→ What the task asks
Return nothing but the lines from the one with "میلیا یا جوش سفید زیر پوستی" through the one with "Pro Cell Microchanneling" in the data below, word for word and without pictures.

(Stored items from a collection)
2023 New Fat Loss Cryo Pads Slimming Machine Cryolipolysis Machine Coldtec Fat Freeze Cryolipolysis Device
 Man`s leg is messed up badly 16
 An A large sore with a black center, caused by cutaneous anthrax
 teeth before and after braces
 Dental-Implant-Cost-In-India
...
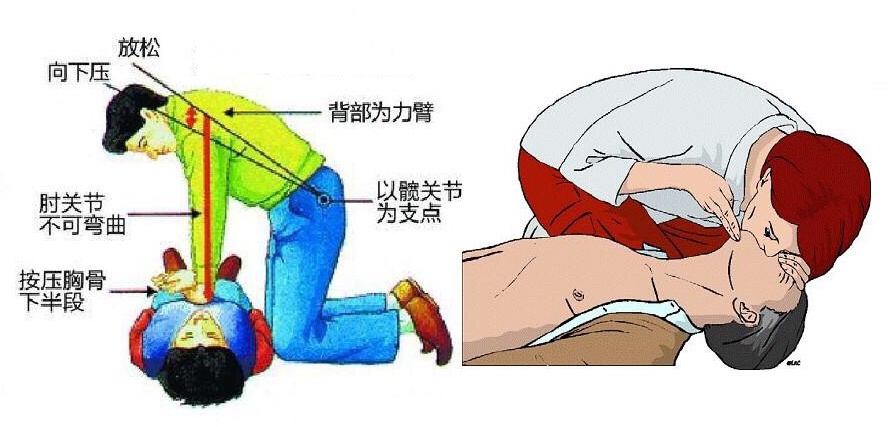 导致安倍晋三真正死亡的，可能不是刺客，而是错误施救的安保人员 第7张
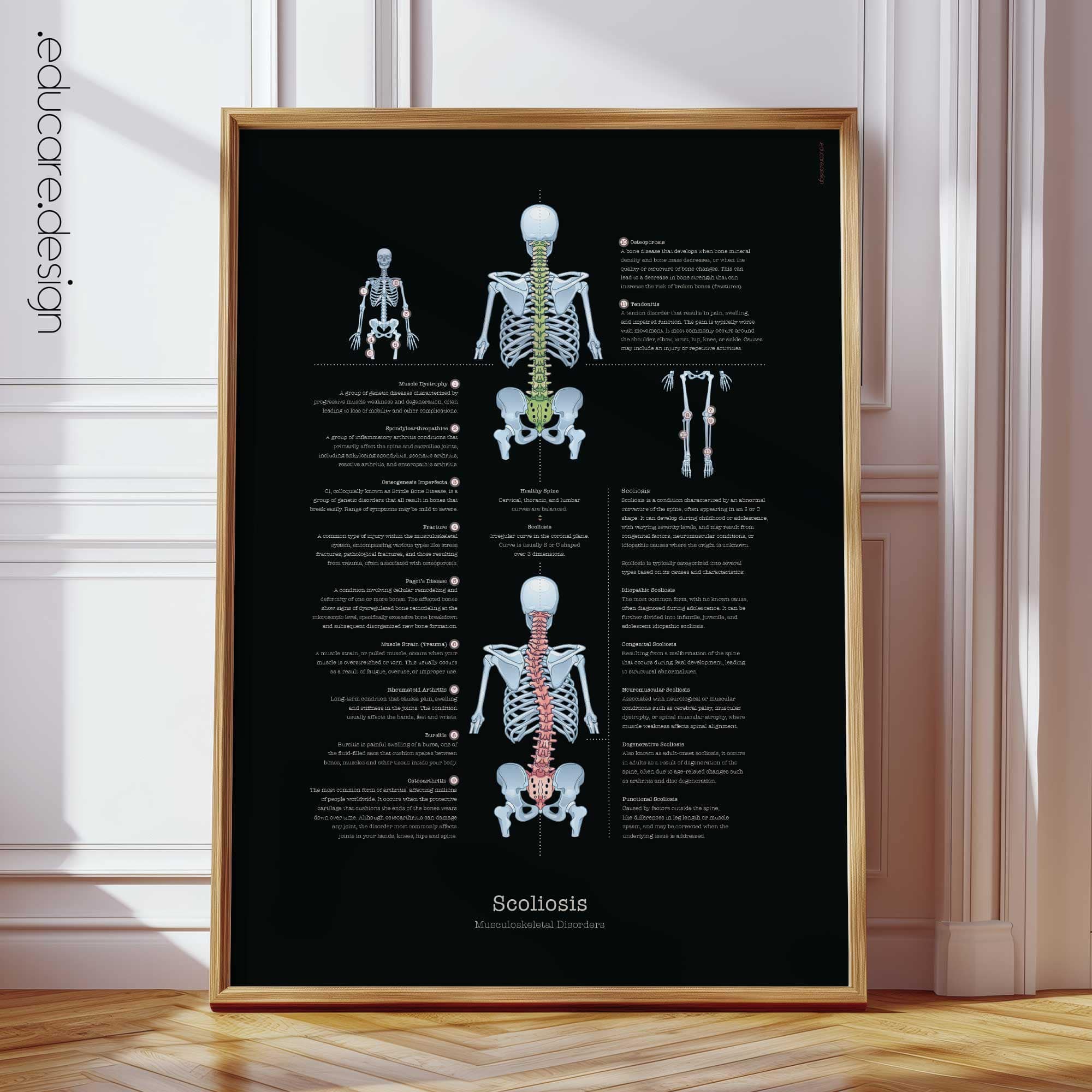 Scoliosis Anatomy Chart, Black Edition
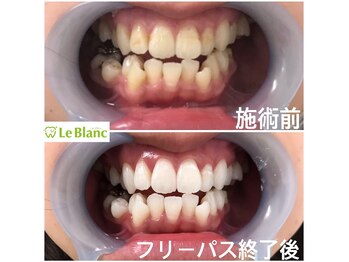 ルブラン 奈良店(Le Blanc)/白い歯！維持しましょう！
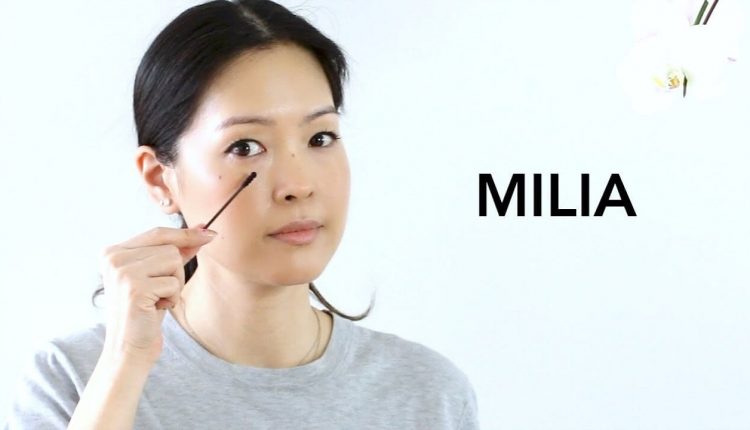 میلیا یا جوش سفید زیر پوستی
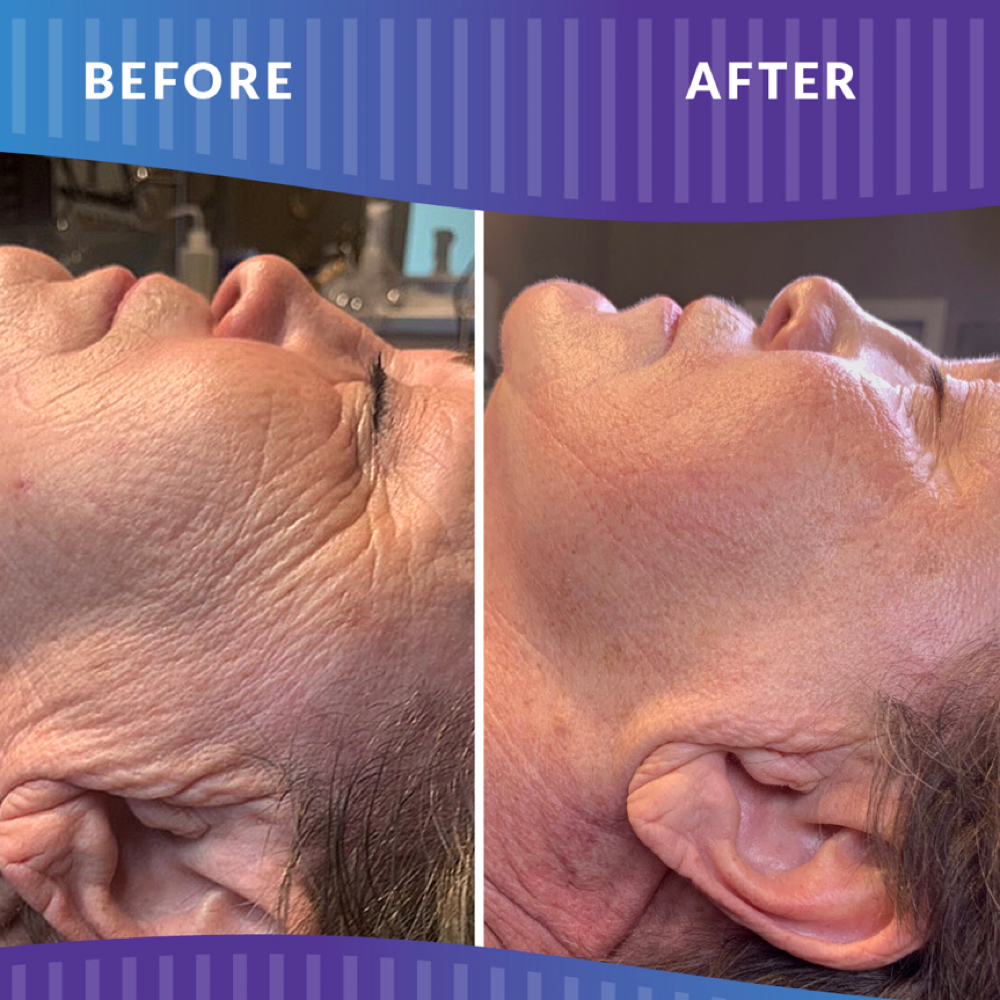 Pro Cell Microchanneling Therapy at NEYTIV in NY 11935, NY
---
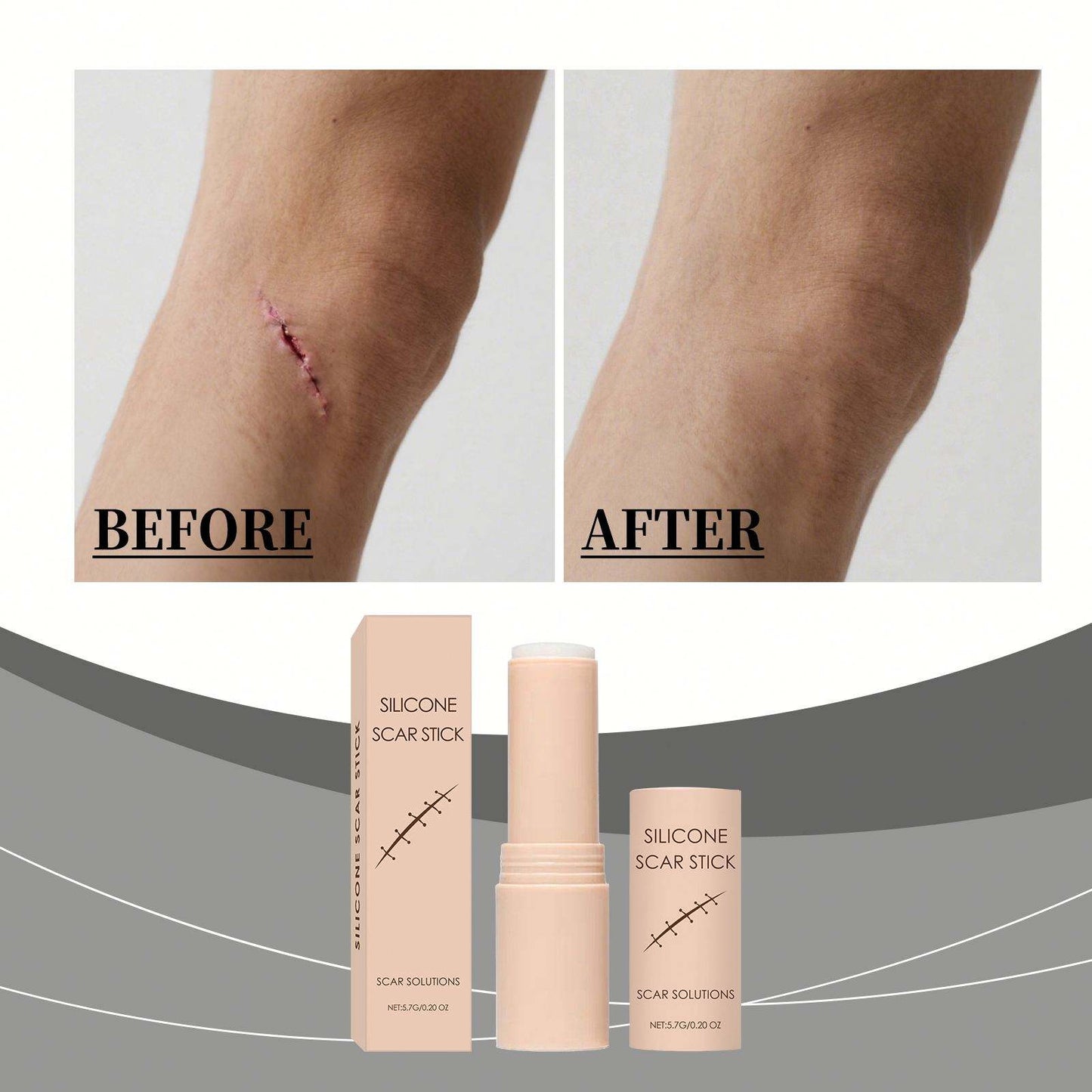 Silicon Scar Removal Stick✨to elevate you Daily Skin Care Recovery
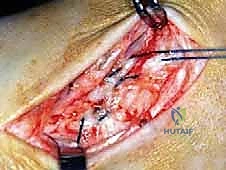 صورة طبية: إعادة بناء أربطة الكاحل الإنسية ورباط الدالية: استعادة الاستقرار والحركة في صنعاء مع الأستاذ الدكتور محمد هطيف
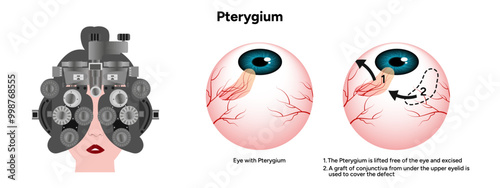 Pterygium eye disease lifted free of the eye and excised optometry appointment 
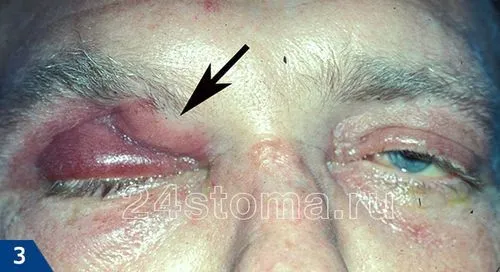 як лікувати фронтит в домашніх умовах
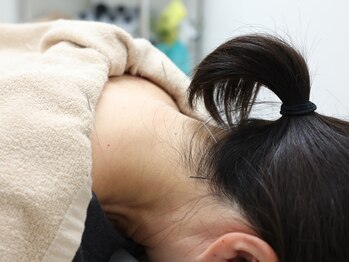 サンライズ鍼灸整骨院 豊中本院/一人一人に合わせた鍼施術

→ Answer to the exercise
 میلیا یا جوش سفید زیر پوستی
 Pro Cell Microchanneling Therapy at NEYTIV in NY 11935, NY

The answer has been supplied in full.